# [TASK PROMPT]
In the entries below, find the line with "Los jugadores del", then set it down exactly along with each line after it to the end, skipping any pictures.

Captioned web images:
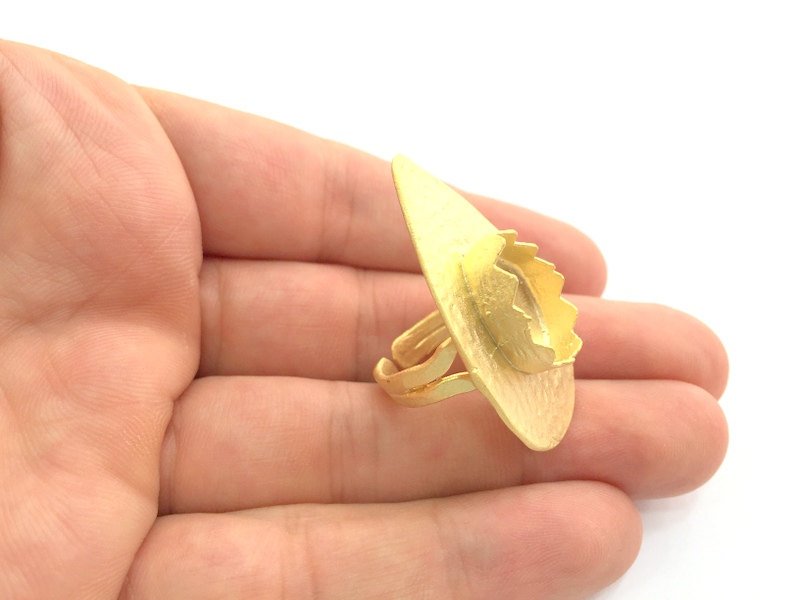 Adjustable Hammered Ring Blank, (18x13mm drop blank )  Gold Plated Brass G6077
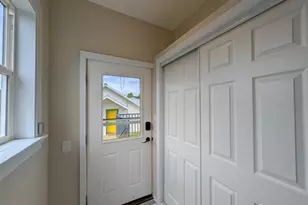 1022 Oakes Ave, Everett, WA 98201 - Photo 8
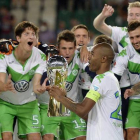 Los jugadores del Wolfsburg celebran la victoria ante el Bayern de Múnich en la Supercopa alemana.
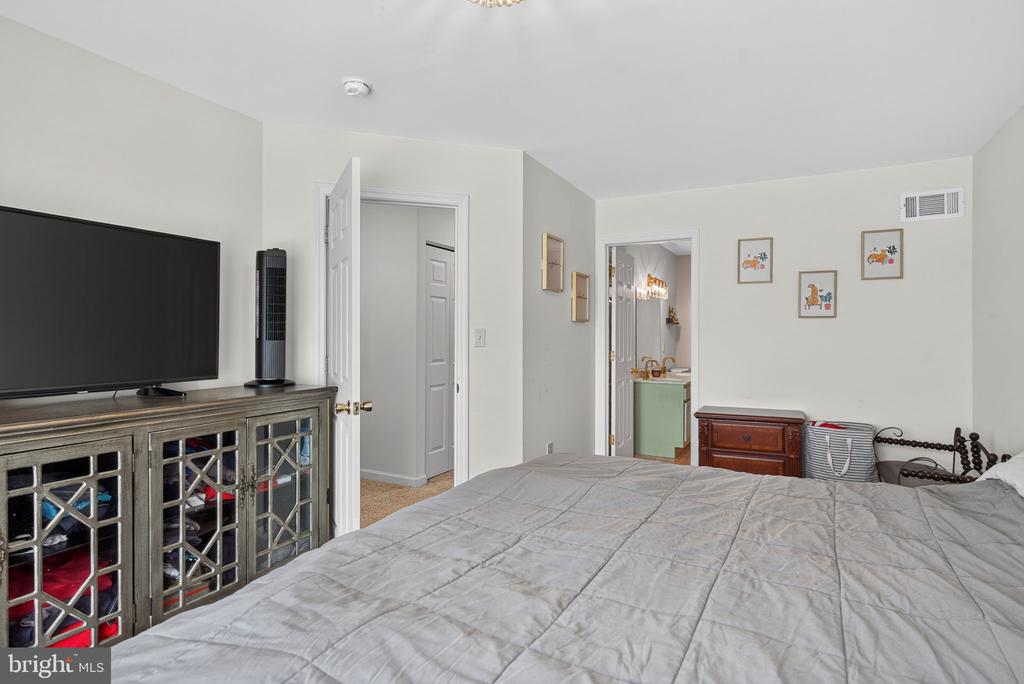 34 HERON DRIVE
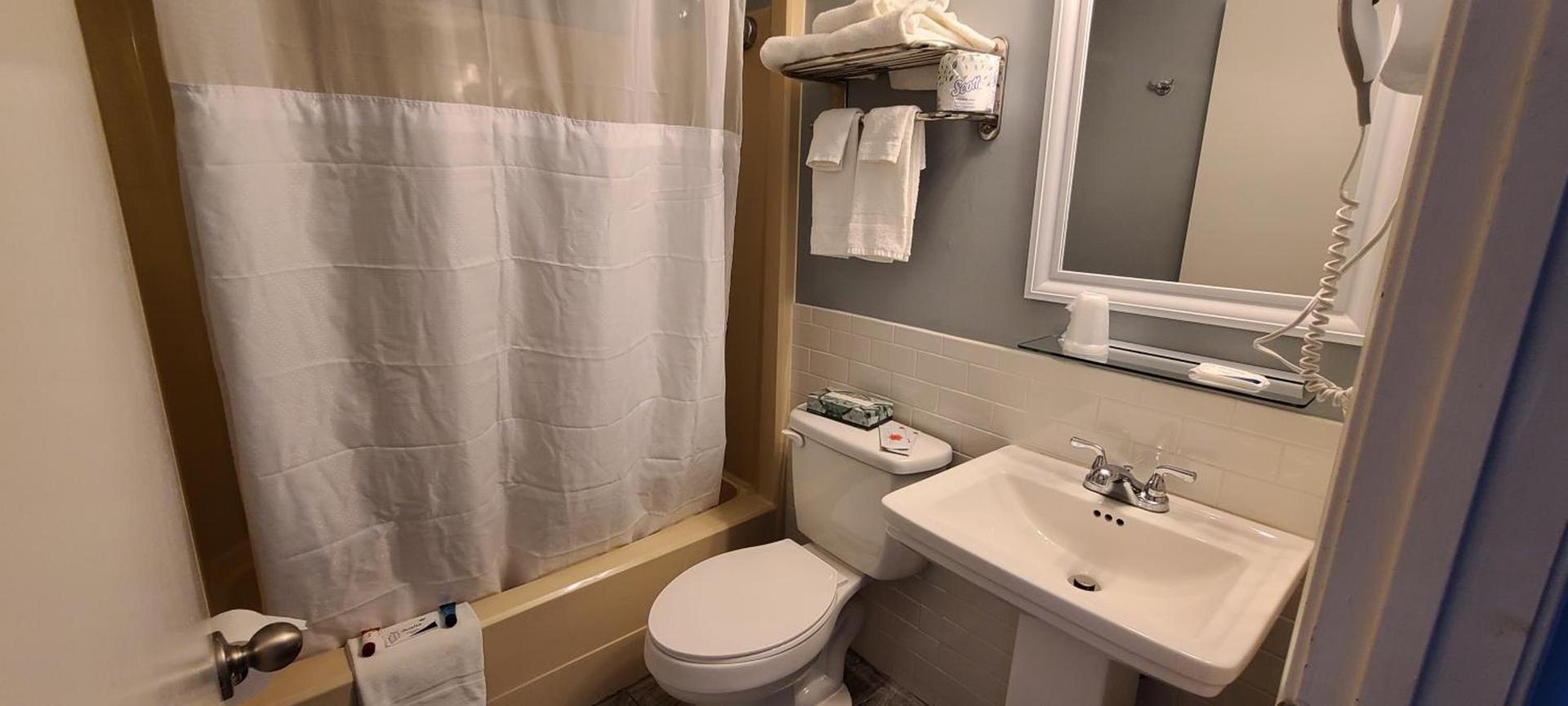 Hampton Village Inn photo 14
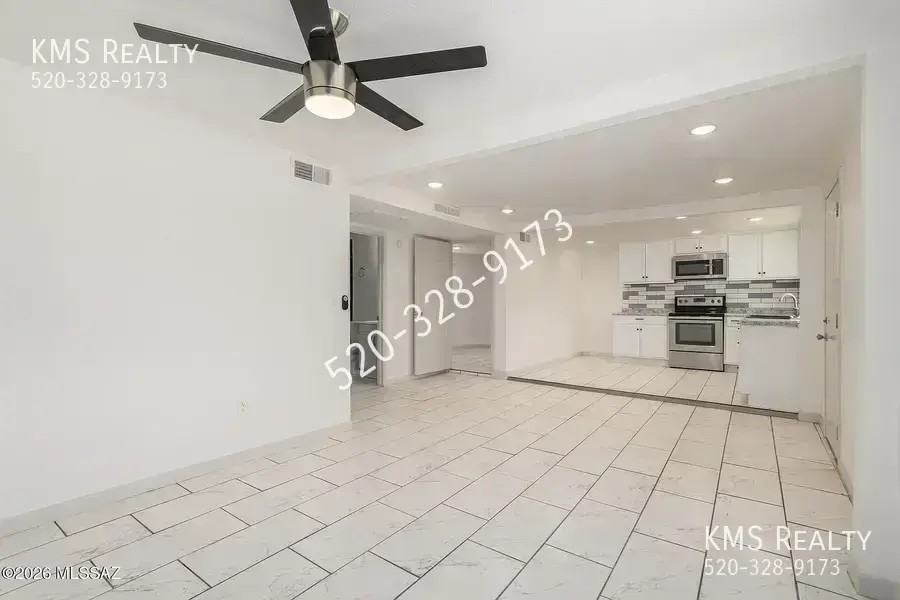 2429 E Cameron Vis - Photo 4 of 16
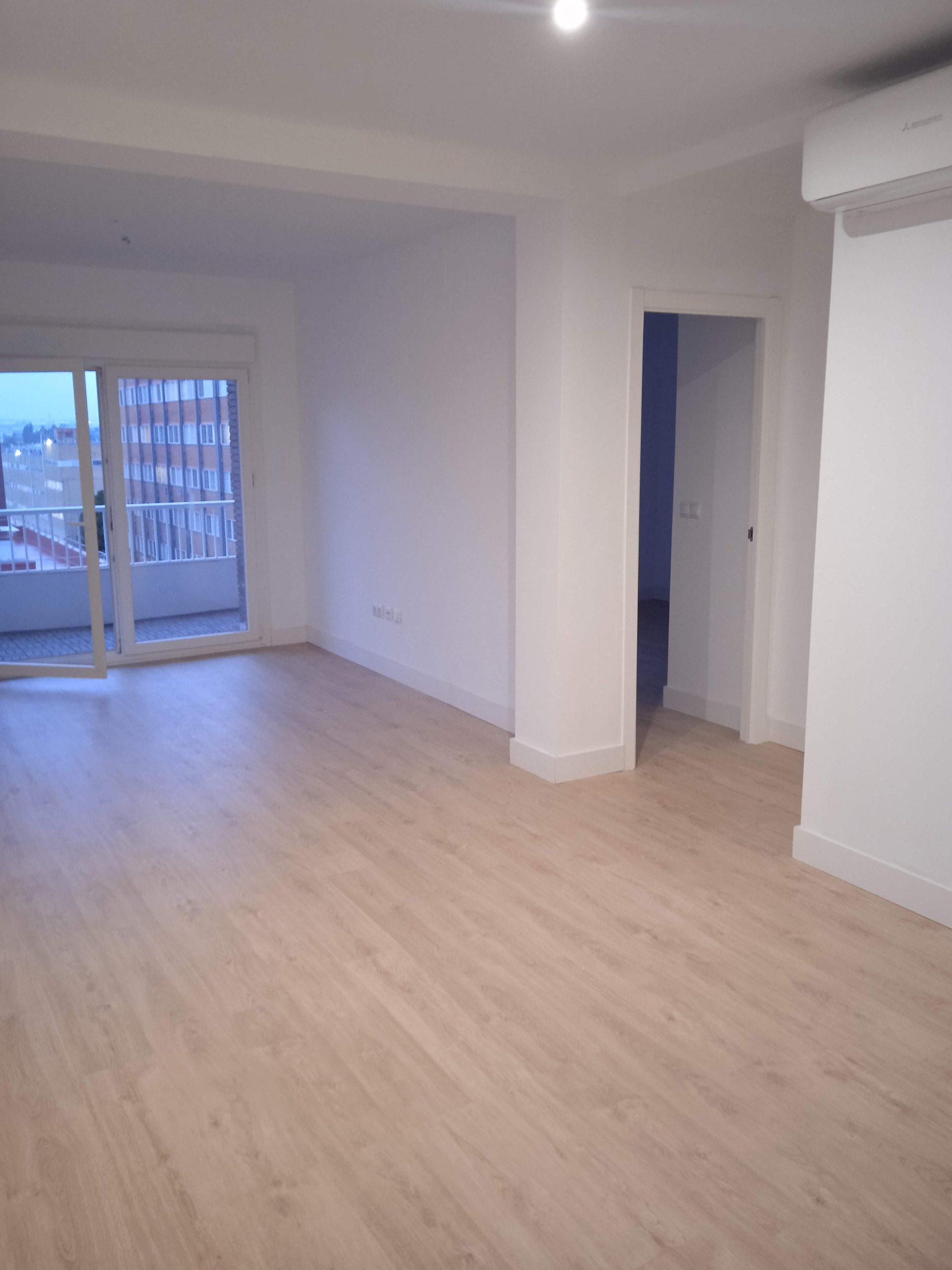 montaje de suelos de maderas laminados vinilo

# [RESULT FOR THIS EXERCISE]
 Los jugadores del Wolfsburg celebran la victoria ante el Bayern de Múnich en la Supercopa alemana.
 34 HERON DRIVE
 Hampton Village Inn photo 14
 2429 E Cameron Vis - Photo 4 of 16
 montaje de suelos de maderas laminados vinilo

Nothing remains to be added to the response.